I was stunned yesterday to find out that Ray Bradbury had died on June 5th. I was also extremely saddened. The world has lost a fantastic writer, a brilliant mind, and a kind man.
I wish I could say that Ray Bradbury made me get into writing, but he did something better. He got me into thinking.
I was introduced to his writings through A Sound of Thunder when I was in eighth grade. Teachers kept slipping his work into their teachings and I was curious. Then, having been assigned to read Fahrenheit 451 during high school, I got hooked. The idea that someone could imagine these worlds, where life and society have fallen apart, was mind-blowing -- especially to a fifteen year old who hated people in general and society more than most. There are other shorts we were fed that I can't remember the titles (and I have a huge anthology of his writings that I'm working through to find them) but I remember how his writings made me feel, how they made me think. I'm still furious that my university never offered the Bradbury class they kept promising before I graduated. Just the thought of being in a classroom full of people discussing Bradbury and his works makes me wistful.
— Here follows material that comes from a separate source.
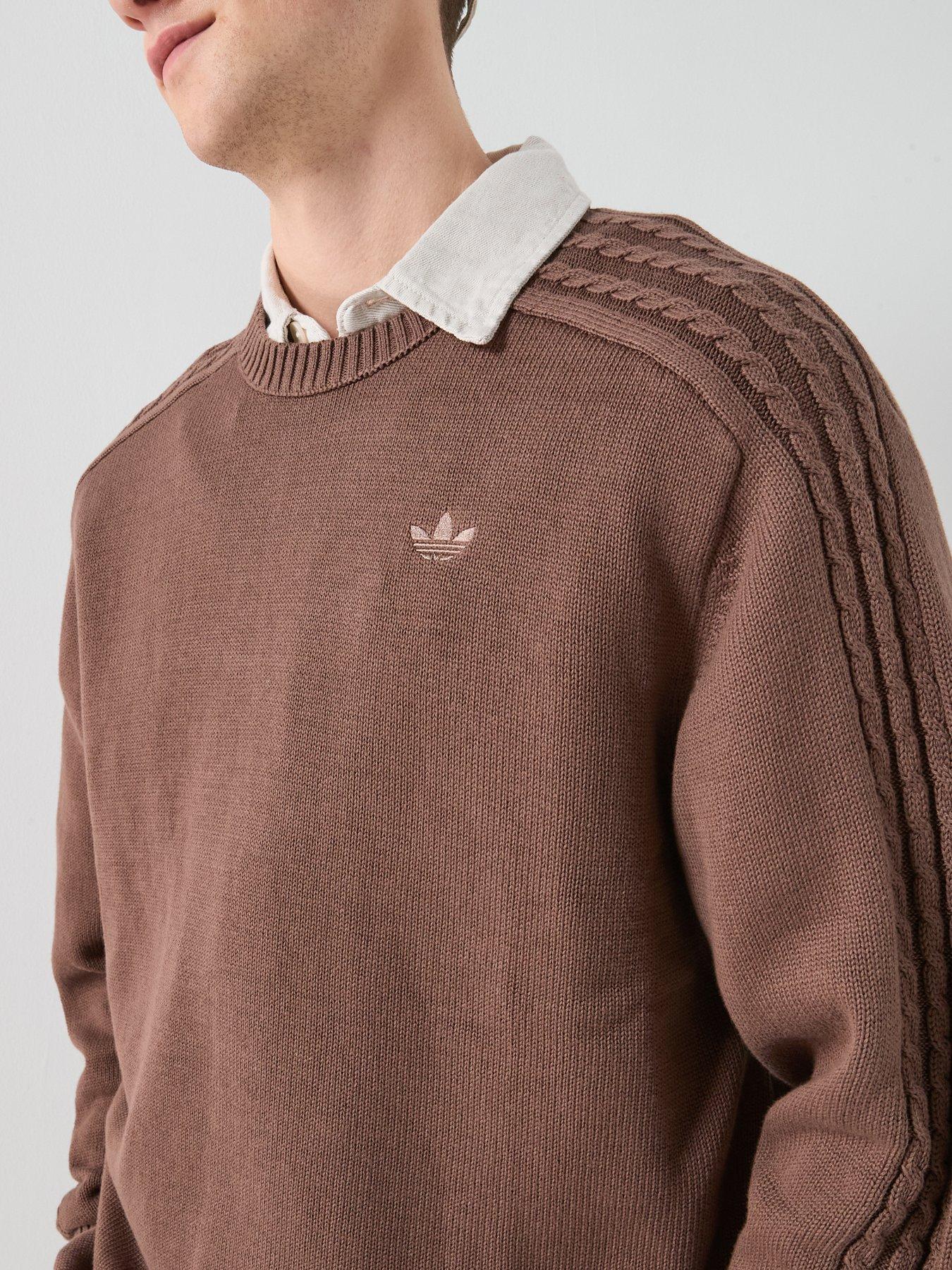Image 5 of 6 of adidas Originals Men's Premium Essentials Knit Crewneck - Brown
Neil Gaiman wrote a remembrance of Ray Bradbury for the Guardian about the kind of man Bradbury was. How he would give half a day just to talk about writing with a kid. There's not a lot of people who do that these days. Yes, authors will get together with fans for coffee, for dinner, answer an email back with seven pages of answers and discussion, but a whole half day? Well, authors have lives too. I can't imagine any one, author or not, giving someone a whole half day in this day and age. He was extraordinary. The world has truly lost something precious with his passing.